• **Information provided**
.....

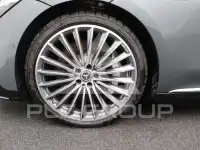 2025 Mercedes Benz EQE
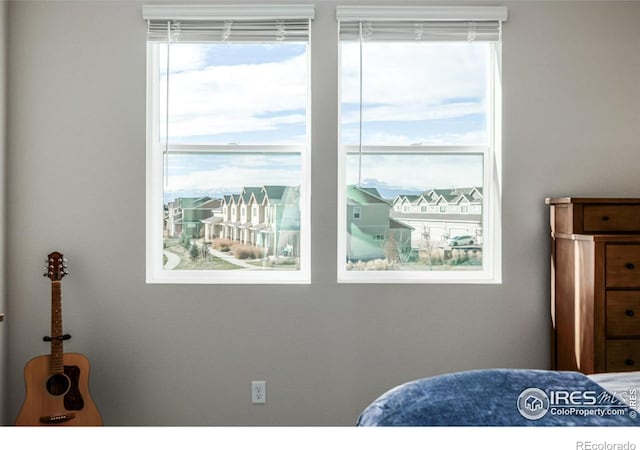 1820 Iron Wheel Dr Unit 3, Windsor, CO 80550 - view of bedroom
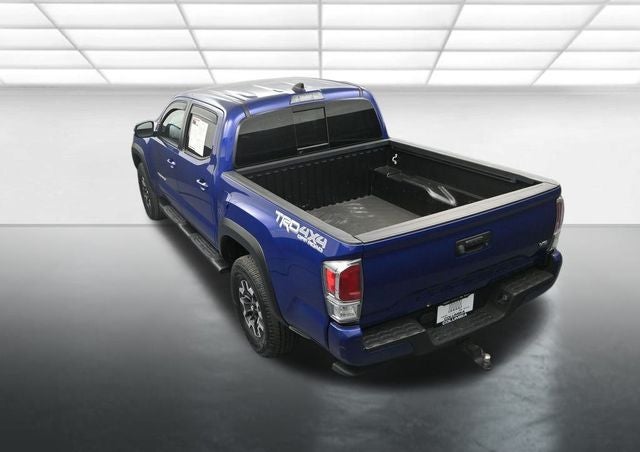 2022 Toyota Tacoma TRD Off-Road V6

.....

• **Exercise prompt**
Transcribe the whole listing exactly. Pictures stay out of your copy.

• **Reply to the exercise**
 2025 Mercedes Benz EQE
 1820 Iron Wheel Dr Unit 3, Windsor, CO 80550 - view of bedroom
 2022 Toyota Tacoma TRD Off-Road V6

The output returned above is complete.